━━━ Material to process ━━━

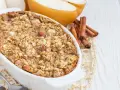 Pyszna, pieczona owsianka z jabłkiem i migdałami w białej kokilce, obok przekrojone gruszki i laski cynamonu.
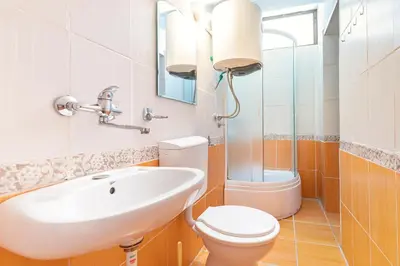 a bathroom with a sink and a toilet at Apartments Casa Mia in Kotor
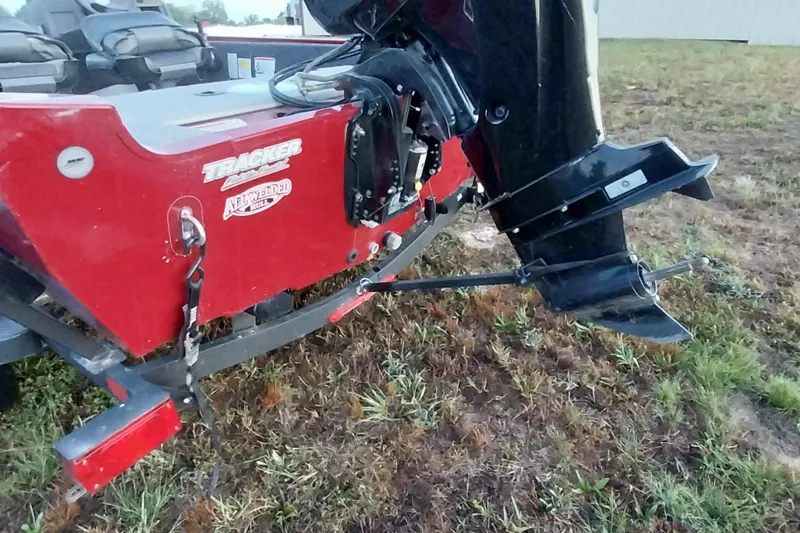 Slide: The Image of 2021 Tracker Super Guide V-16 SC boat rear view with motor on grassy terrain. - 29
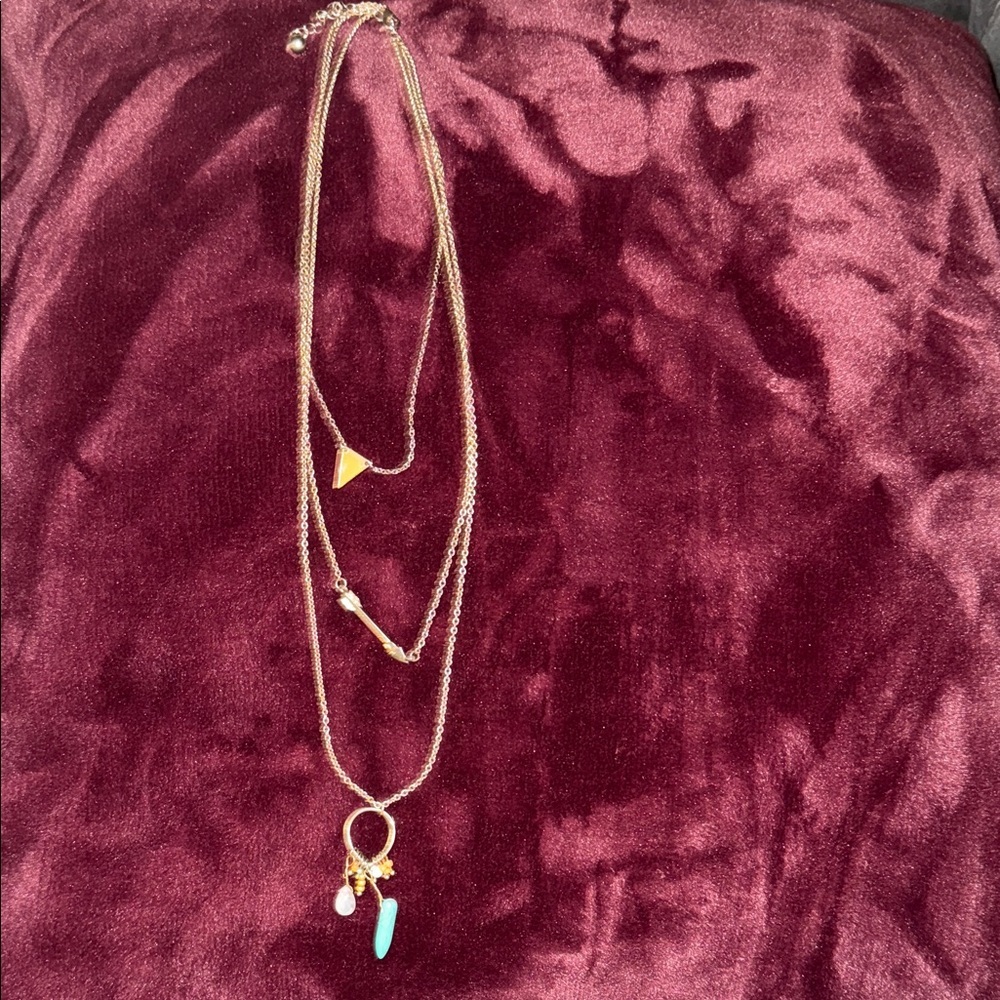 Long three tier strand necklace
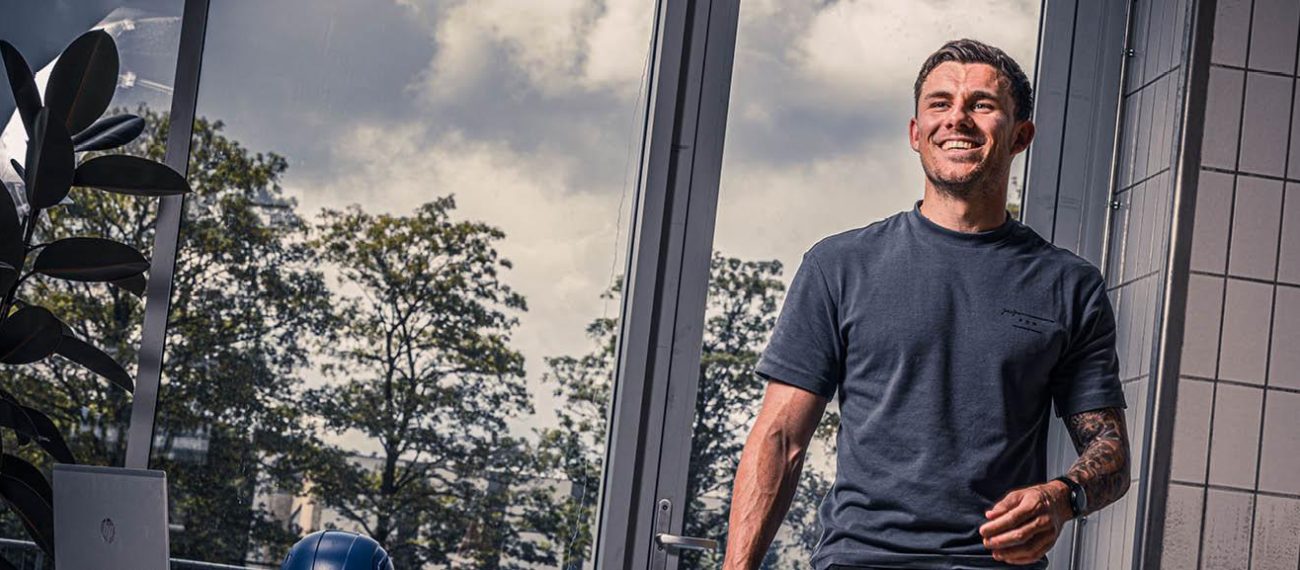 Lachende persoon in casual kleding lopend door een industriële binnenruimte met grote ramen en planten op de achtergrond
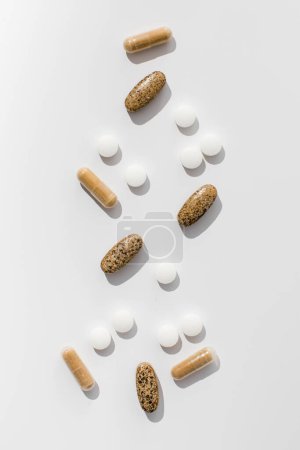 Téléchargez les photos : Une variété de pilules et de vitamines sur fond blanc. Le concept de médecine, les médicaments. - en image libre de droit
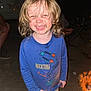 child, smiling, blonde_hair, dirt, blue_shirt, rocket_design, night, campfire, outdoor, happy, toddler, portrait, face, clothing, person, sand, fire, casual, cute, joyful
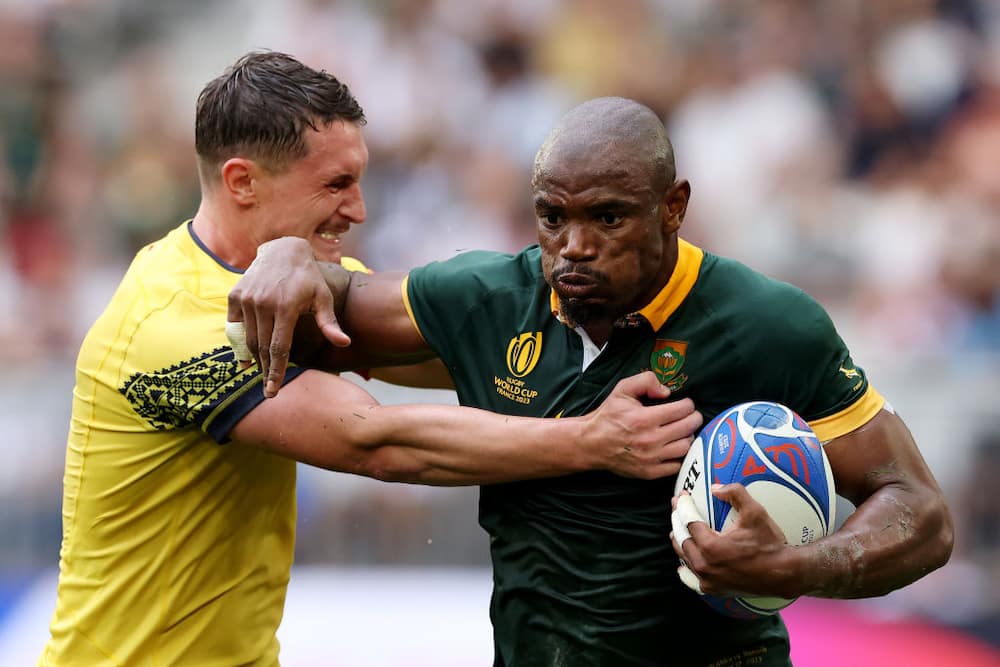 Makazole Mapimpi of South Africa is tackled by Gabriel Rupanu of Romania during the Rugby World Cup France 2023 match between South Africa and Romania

━━━

**Task brief:** Exact copies of the lines from the one containing "Slide: The Image" through the end of the records above are required, with no pictures among them.

**Task solution:**
 Slide: The Image of 2021 Tracker Super Guide V-16 SC boat rear view with motor on grassy terrain. - 29
 Long three tier strand necklace
 Lachende persoon in casual kleding lopend door een industriële binnenruimte met grote ramen en planten op de achtergrond
 Téléchargez les photos : Une variété de pilules et de vitamines sur fond blanc. Le concept de médecine, les médicaments. - en image libre de droit
 child, smiling, blonde_hair, dirt, blue_shirt, rocket_design, night, campfire, outdoor, happy, toddler, portrait, face, clothing, person, sand, fire, casual, cute, joyful
 Makazole Mapimpi of South Africa is tackled by Gabriel Rupanu of Romania during the Rugby World Cup France 2023 match between South Africa and Romania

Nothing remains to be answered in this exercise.